So how about you give that relationship a holiday break? No, I am not saying you throw her out. I am saying you give each other some space, see if it does not rejuvenate your love life.
Well, I am no relationship counsellor, but I think there is something called relationship fatigue, which in simple terms means you are too much in each other’s faces.
Now, some people thrive like this. They cannot get enough of each other, and every second apart is like eternity. Therefore, this might seem like bad advice, but even you cuddle bears need this break. It will do wonders for you, trust me.
Okay, before you trust me, let me tell you about a friend called Joan. Joan dated Sam for four years before they tied the knot. They were a close couple, and even after marriage, they remained so.
However, over the years, she started feeling cloistered. She is a free spirit, who likes doing things spontaneously; going off on wild goose chases.
Sam understands this about her, and lets her be whatever she wants. But even with this way of life, she started getting cabin fever.
And how do I know so much about Joan? Joan is a friend. We have been friends for so long that for everything she does not understand about her husband, or men in general, she talks to me. So she once asked me if it was normal that she was starting to feel resentment towards Sam for keeping her ‘prisoner’.
Sam was not keeping her prisoner. I was very sure of that. What she meant was that Sam was too much in her life, in her face that she seemed to have no other life besides that with him.

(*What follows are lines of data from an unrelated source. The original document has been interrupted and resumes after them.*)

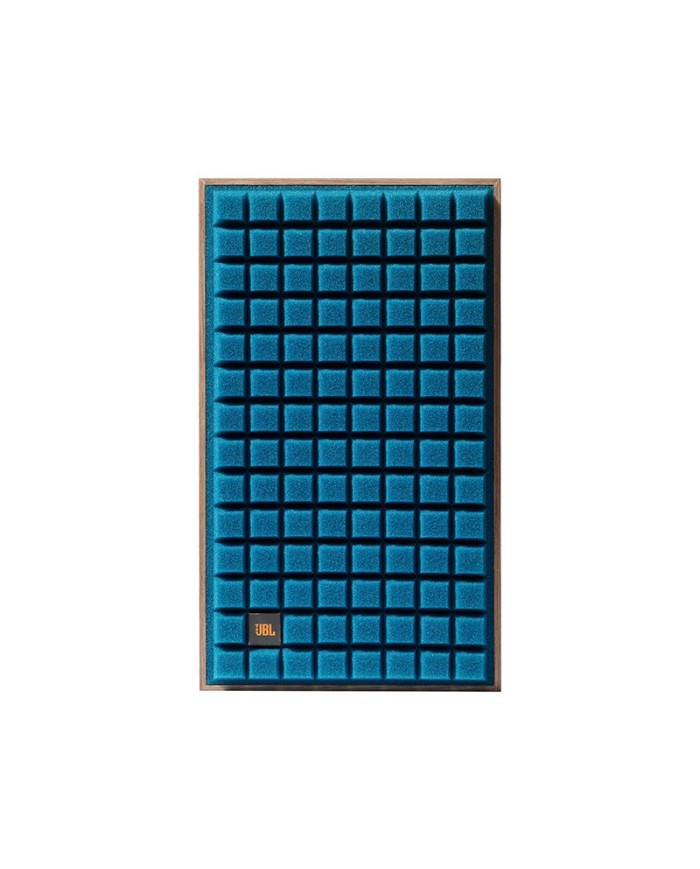 Griglie in schiuma Quadrex per JBL L82 Classic  JBL L82 Grille  blue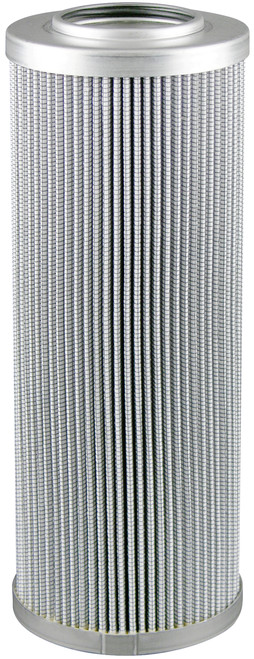 Wire Mesh Supported Hydraulic Element  H9075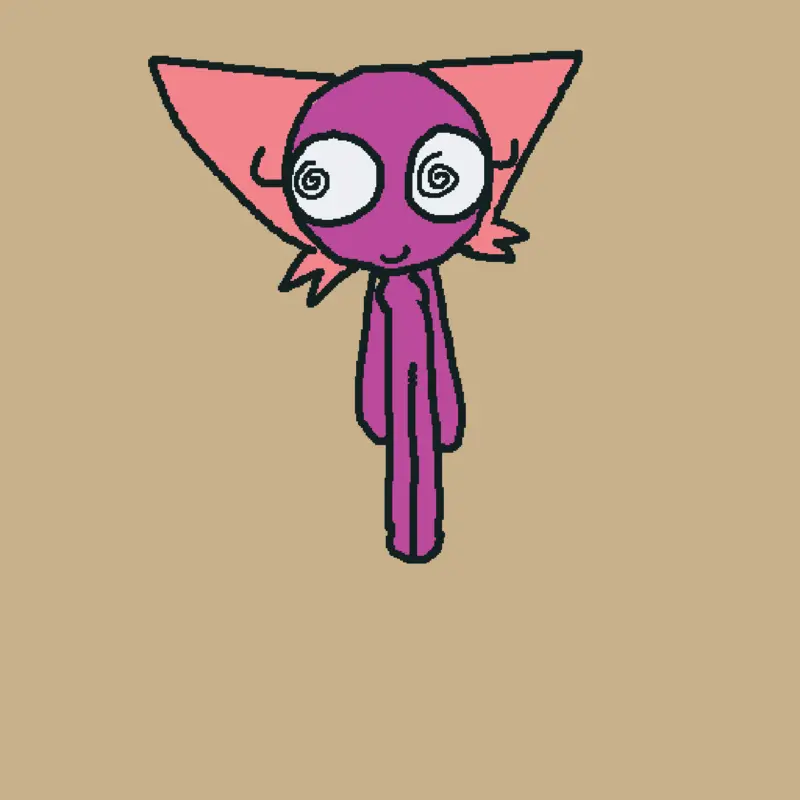 Game by @Lily_the_emojicat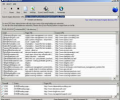 Super Email Extractor Скриншот 0
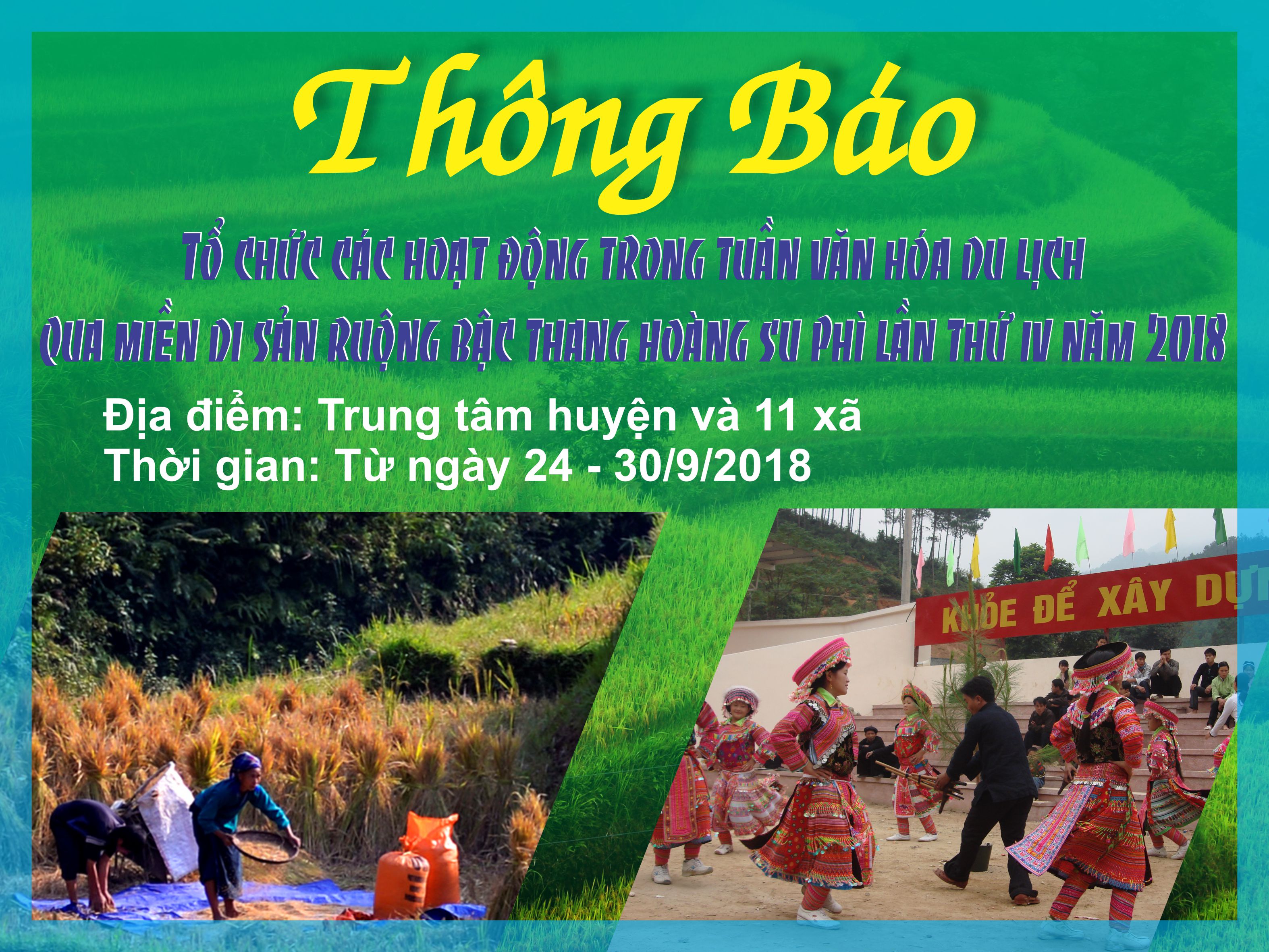 Thành phố Hà Giang tập huấn khởi nghiệp, khởi sự kinh doanh cho cán bộ, đoàn viên, hội viên và nhân dân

Some people think marriage is supposed to be like that, but Joan and I disagree. So I told her, “Well, marriage is supposed to be like that. You share a life with him, what else do you expect? Maybe he is also feeling cloistered by you”.
And her face lit up, as if she had got a bright new idea. She said, “You know what I am going to do? I am going to give him a break. No, we are going to give each other a break.
This Christmas, he will go wherever he wants, and I will go wherever I want’. And she ran off to tell Sam about her new plan.
What happened in the end was this. Joan went to visit her family while Sam and the children went to visit his family. Usually, they would go together to visit one of their families. Joan was excited about this.
Two days later, she missed Sam so much she wanted to go and join them. But she did not. When they reunited for New Year’s, she says she felt a new love for him. It was like seeing a long lost lover. She could not get enough of him.
Now that is her tactic. Once in a while, they plan to give each other a break for a week or so. It works for them. Maybe you should try it too.